My parents' friend, Jannie
and Appie van de Kar
      At that school, Jannie met Rozette Lopes-Dias (Mom) and "I learned sewing, knitting, home economics, cooking, pattern design, and other things. And what I could not do at home, I did there: I laughed a lot. I graduated from that school, even though I disliked going there. I was angry with the whole world. Why was it just me who was not allowed to study?"
       She went to work in the military clothing industry and her social life was limited to evenings at a sports club, where at age 16, she met Abraham van de Kar. But seeing boys, even allowing them to walk her home, was not allowed.
      Appie asked, she resisted, but he persisted, came to call on her at home -- not allowed -- and she answered, frightened.
      "I asked why he had rung [the door bell]," she wrote. "He said, 'I am a decent boy and mean well toward you.' He was a handsome boy, and he sang all kinds of songs by Bing Crosby for me.

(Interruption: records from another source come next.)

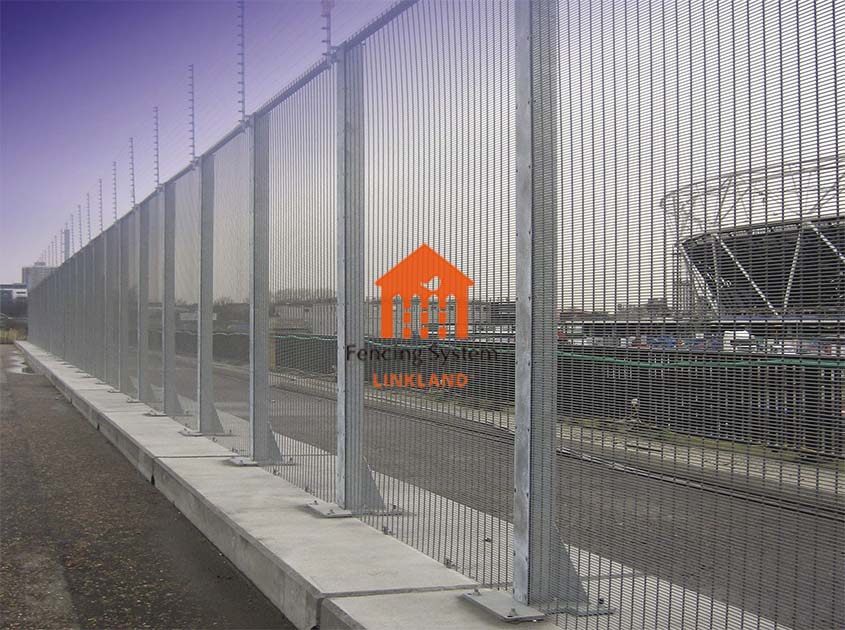 358 security fence Vulnerability Assessment: Identifying Weaknesses and Enhancing Security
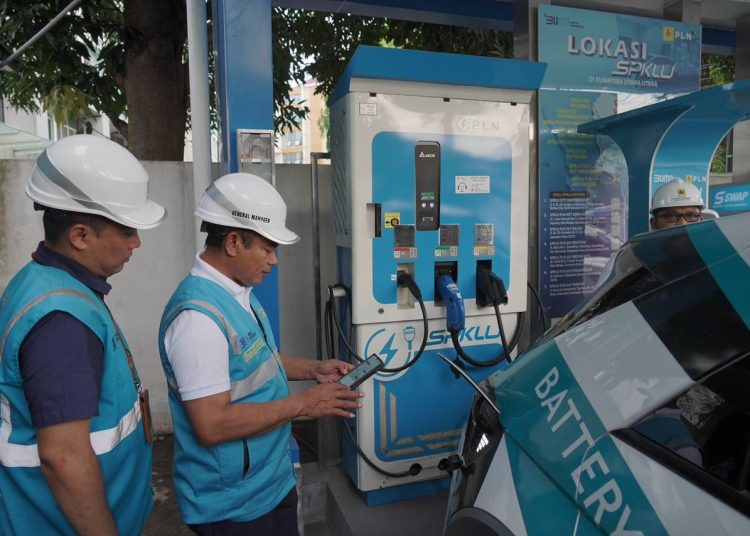 General Manajer PLN UID Sumut, Saleh Siswanto melakukan transaksi pengisia energi pada kendaraan listrik melalui aplikasi PLN Mobile.(Satunusantara news/HO-Humas PLN UID Sumut).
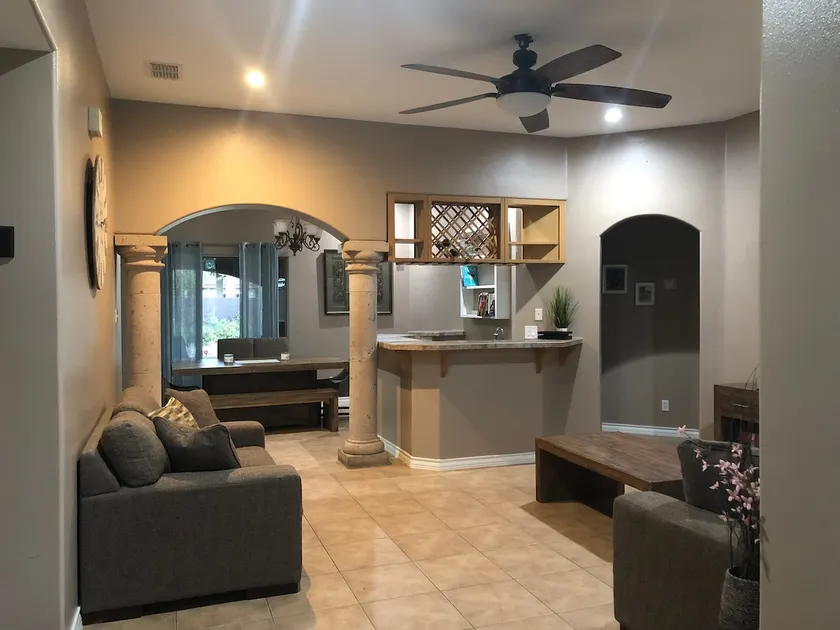 Entire Home in Central Laredo - Image 1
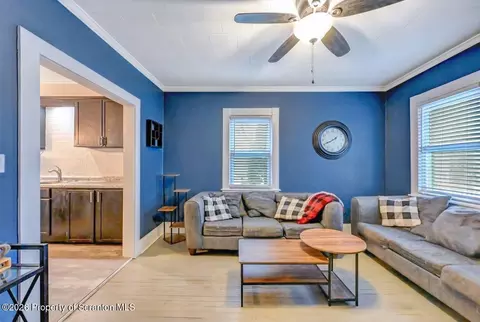 Entry Way - 641 Elm St, Scranton, PA 18505 photo 1 of 13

I was I n love, but did not show it. That's how things were."
      Her father heard of their walks together and intervened, telling her, "I want to see that boy here at home. That week Appie visited us at home, and everything was alright." Mr. Barend "was patient with Abram, and immediately loved him.
        "... It was winter and we walked in the snow and did not feel the cold. Appie visited us every evening, everyone loved him."
        Appie was in the Dutch military, serving in Venlo (close to the German border). He had been home on leave because his father, who had shoe repair shops in Amsterdam, was ill with stomach problems.
       When Appie returned to Venlo (he was a nursing orderly in the army), Jannie -- who could travel by train for free because of her father's job -- began visiting him.
        When the Nazis' occupation of The Netherlands began in May 1940, the Dutch army personnel immediately became prisoners of war.
         "Someone had told my [future] mother-in-law that he knew for certain that Appie had been blown up with the bridge," Jannie wrote. "I said: 'I don’t believe it, I am sure he is still alive.' I was always good at feeling things, and so it was this time."
          After three months, Appie came back to Amsterdam and became engaged on his birthday in August.
         "In the evening there was the blackout, but every evening after work [at the shoe shop] he came to me first," Jannie wrote. "He was my first love. And for me there never was anyone else."
      When her two oldest brothers were sent to a "work camp" at the end of 1941, Jannie and Appie -- trying to save up for their wedding in the 18 months since they became engaged -- pushed up their plans and were married at the Amsterdam town hall on March 25, 1942, and on March 29 in the synagogue.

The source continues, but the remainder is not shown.